Frustrated that their bid for full U.N. membership last year was thwarted by U.S. opposition in the U.N. Security Council, Palestinians have launched a watered-down bid for recognition as a non-member state, similar to the status the Vatican enjoys.
The proposal, which is due to be put to the vote in the General Assembly at the end of the week, would implicitly recognize Palestinian statehood. It could also grant access to bodies such as the International Criminal Court in The Hague, where the Palestinians could file complaints against Israel.
“This Thursday or Friday, when the question is asked, France will vote yes,” Foreign Minister Laurent Fabius announced in the French National Assembly, the lower house of parliament.
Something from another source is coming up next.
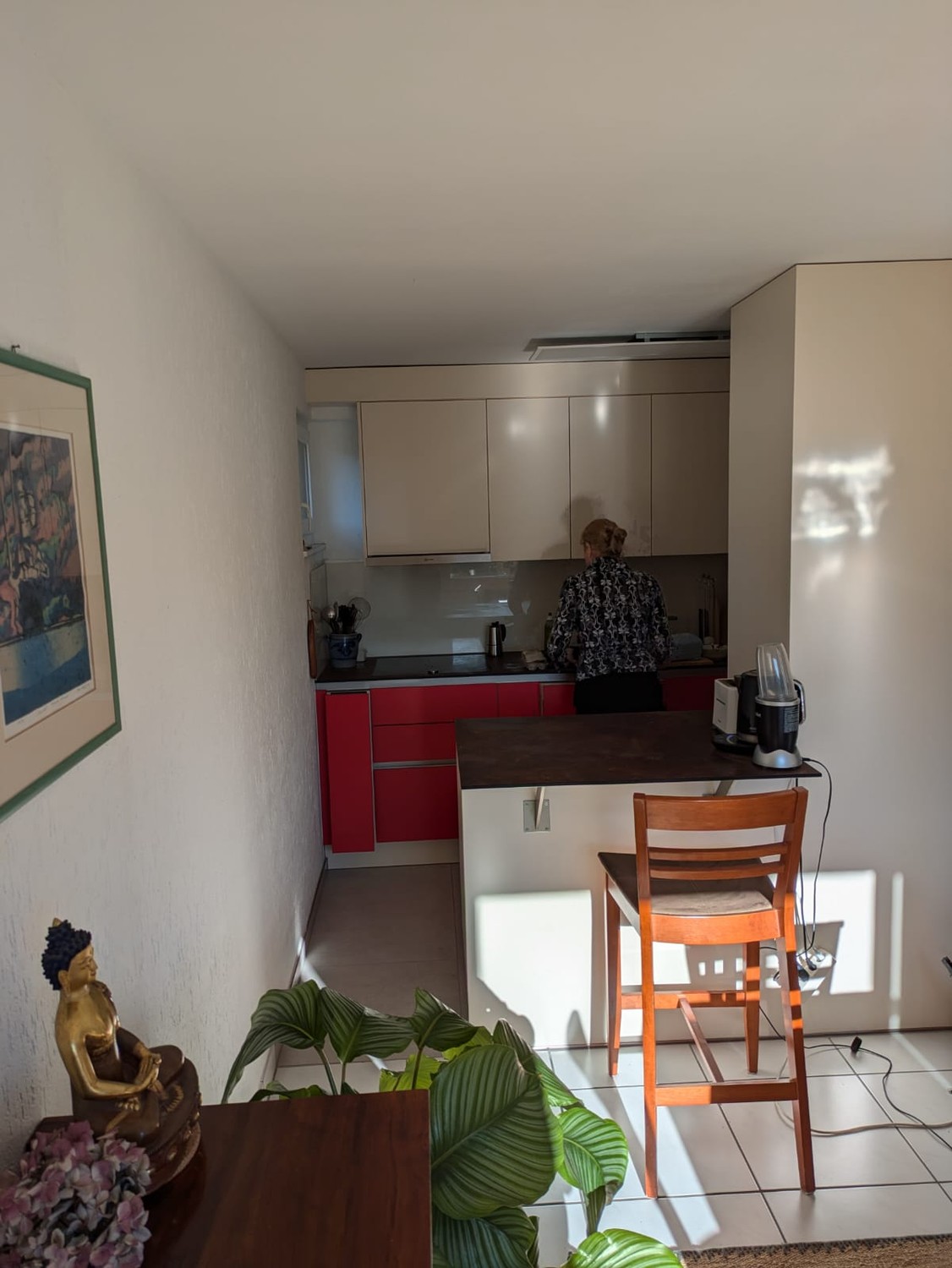 Bright 2.5-room apartment in Urdorf – available from August 2026, photo 5 of 10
Abbas’ bid seems certain to win approval in any vote in the 193-nation assembly. The United States say Palestinian statehood must be achieved by negotiation and has called on Abbas to return to peace talks that collapsed in 2010 over Israeli settlement construction in the occupied West Bank.
“It is only with negotiations between the two sides that we demand immediately without any preconditions that a Palestinian state can become a reality,” Fabius said.
France, a member of the U.N. Security Council, had under former President Nicolas Sarkozy promised to support Abbas if he opted for the upgrade option and broke from its closest allies last year voting in favour of giving the Palestinians full membership of the U.N.’s cultural agency UNESCO.